▶ _What you need to do_: From the listing below, set down exactly the lines between the one holding "Let's draw the" and the one holding "Under Scanning, if", inclusive. No other line is wanted.

▶ _Record excerpts_:
==============================

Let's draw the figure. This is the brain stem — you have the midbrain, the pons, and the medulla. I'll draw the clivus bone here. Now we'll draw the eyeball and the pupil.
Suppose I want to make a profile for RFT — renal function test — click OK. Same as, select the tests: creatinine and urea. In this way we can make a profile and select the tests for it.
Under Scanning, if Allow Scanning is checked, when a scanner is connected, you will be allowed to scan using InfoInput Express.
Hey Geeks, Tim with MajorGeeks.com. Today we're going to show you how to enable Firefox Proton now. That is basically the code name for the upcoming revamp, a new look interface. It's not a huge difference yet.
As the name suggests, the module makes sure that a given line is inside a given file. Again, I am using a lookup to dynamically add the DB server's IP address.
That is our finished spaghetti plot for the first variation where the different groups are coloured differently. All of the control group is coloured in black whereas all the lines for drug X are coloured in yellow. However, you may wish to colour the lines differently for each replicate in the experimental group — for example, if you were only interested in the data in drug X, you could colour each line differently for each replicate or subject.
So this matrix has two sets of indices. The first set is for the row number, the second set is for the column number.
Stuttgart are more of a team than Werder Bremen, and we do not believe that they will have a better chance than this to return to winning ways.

==============================

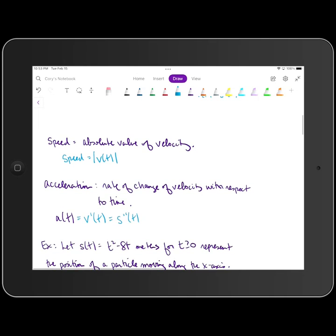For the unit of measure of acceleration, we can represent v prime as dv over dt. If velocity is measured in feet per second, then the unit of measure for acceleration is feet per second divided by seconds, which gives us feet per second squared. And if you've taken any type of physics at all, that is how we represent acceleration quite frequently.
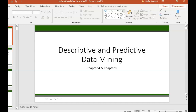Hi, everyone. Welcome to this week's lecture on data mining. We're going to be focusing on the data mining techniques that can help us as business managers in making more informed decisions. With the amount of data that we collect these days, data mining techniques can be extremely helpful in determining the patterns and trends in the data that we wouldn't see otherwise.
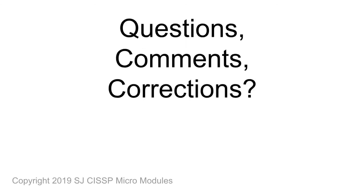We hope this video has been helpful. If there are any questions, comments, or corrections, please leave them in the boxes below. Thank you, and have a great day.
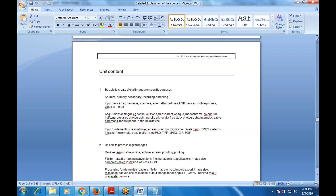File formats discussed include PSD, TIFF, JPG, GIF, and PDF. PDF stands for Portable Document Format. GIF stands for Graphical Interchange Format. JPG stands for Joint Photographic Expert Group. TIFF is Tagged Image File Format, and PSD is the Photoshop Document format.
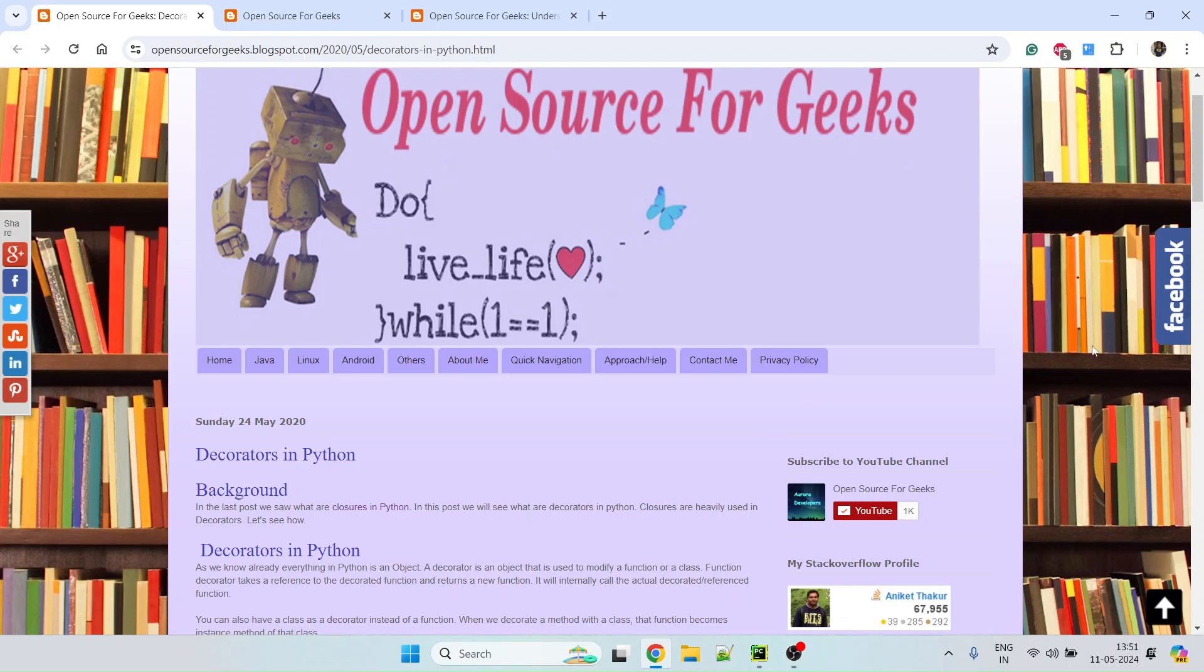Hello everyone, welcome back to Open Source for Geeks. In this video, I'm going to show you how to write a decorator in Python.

==============================

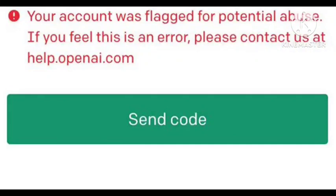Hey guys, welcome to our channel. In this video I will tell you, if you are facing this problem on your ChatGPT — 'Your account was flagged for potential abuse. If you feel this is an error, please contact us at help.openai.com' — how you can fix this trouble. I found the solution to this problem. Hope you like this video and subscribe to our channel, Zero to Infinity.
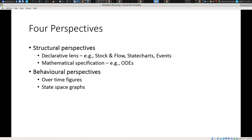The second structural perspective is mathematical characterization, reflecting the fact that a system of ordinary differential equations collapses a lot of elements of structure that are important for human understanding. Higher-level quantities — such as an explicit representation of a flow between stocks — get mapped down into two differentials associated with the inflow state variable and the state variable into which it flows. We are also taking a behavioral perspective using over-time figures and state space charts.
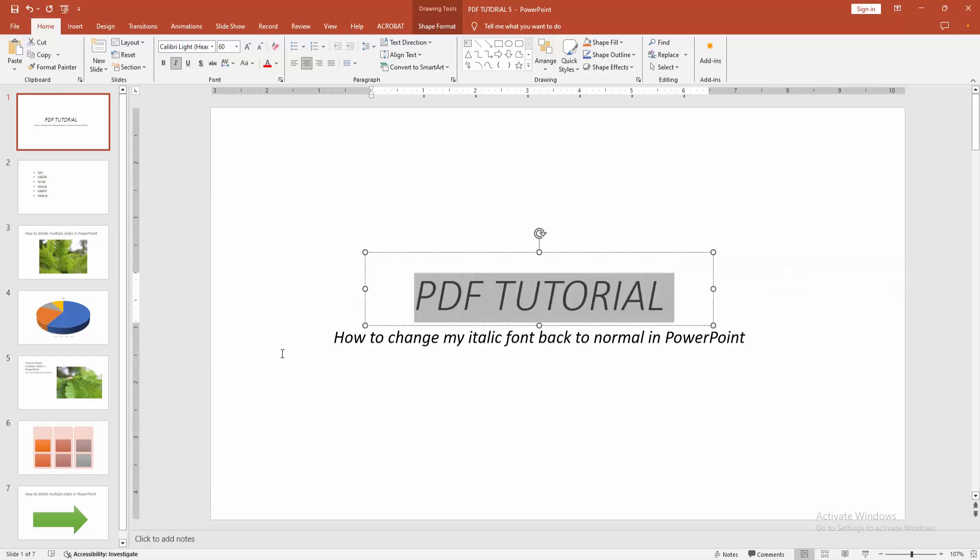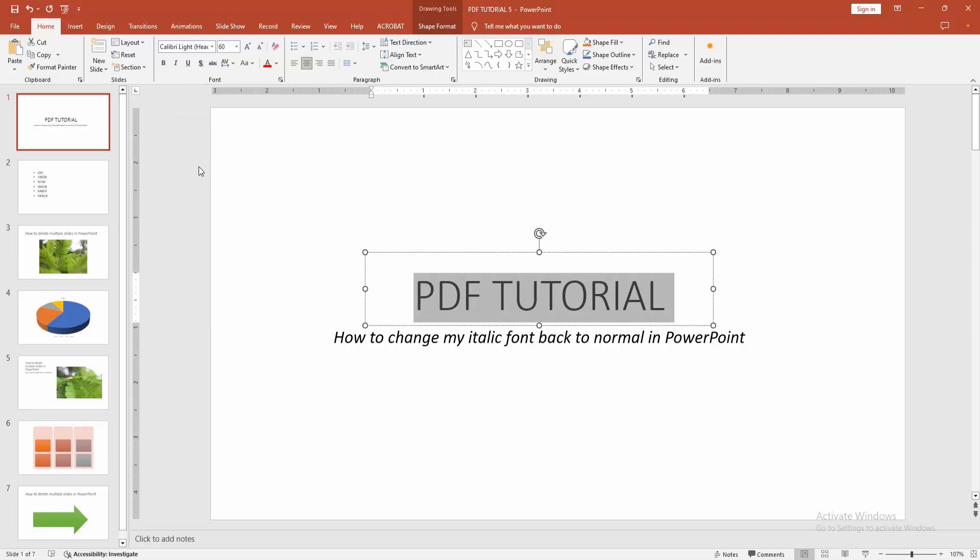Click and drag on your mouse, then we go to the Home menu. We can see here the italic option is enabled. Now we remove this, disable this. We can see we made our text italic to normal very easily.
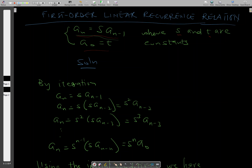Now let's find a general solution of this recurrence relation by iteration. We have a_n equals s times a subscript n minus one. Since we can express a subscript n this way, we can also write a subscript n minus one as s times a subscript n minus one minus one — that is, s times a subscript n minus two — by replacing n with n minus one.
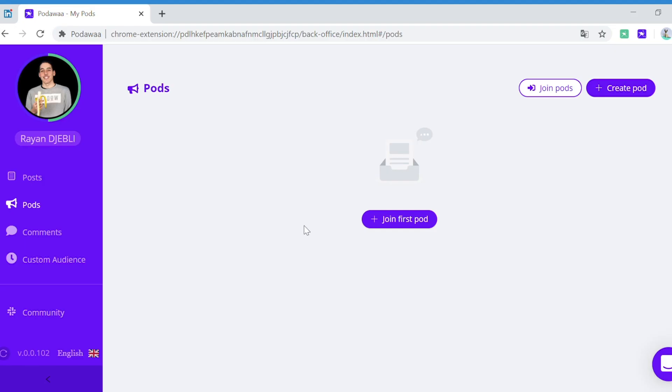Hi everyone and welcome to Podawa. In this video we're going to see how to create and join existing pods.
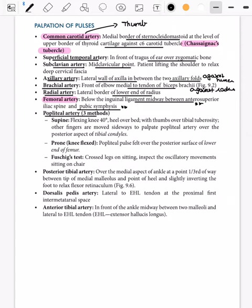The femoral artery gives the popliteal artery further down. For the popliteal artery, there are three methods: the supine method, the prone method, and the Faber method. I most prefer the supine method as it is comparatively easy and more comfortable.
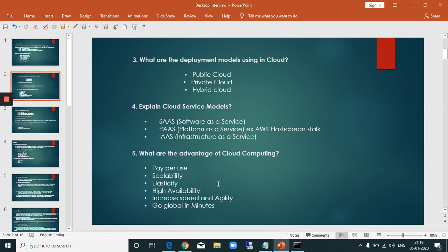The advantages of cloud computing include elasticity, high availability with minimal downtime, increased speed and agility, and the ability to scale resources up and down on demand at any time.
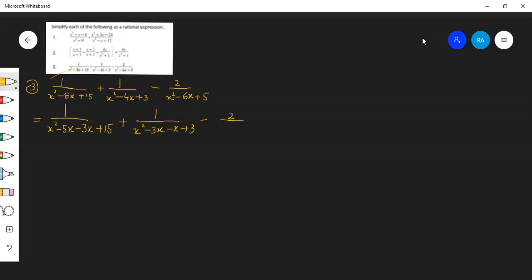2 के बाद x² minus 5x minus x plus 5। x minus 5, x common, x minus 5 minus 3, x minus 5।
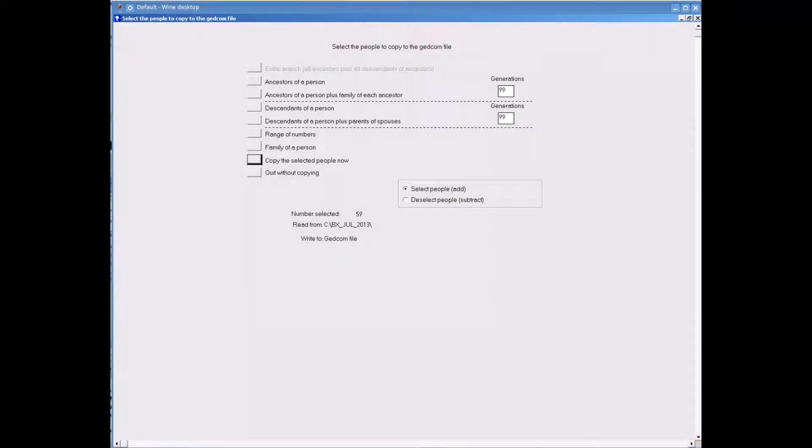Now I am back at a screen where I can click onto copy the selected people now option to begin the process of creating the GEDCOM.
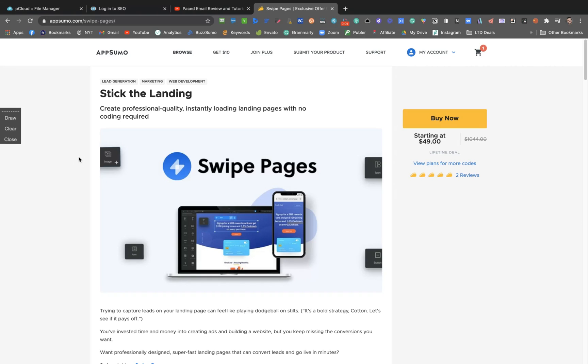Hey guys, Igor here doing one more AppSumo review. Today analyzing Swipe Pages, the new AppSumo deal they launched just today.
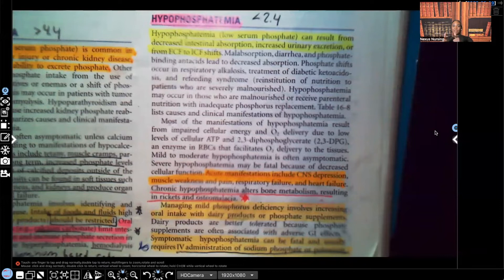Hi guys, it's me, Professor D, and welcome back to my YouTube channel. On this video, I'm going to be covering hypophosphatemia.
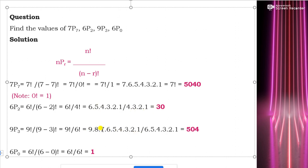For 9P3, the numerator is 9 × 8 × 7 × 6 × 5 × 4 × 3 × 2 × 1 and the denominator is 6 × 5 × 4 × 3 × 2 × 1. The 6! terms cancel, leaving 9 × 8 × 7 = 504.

==============================

▶ _Answer space_:
Let's draw the figure. This is the brain stem — you have the midbrain, the pons, and the medulla. I'll draw the clivus bone here. Now we'll draw the eyeball and the pupil.
Suppose I want to make a profile for RFT — renal function test — click OK. Same as, select the tests: creatinine and urea. In this way we can make a profile and select the tests for it.
Under Scanning, if Allow Scanning is checked, when a scanner is connected, you will be allowed to scan using InfoInput Express.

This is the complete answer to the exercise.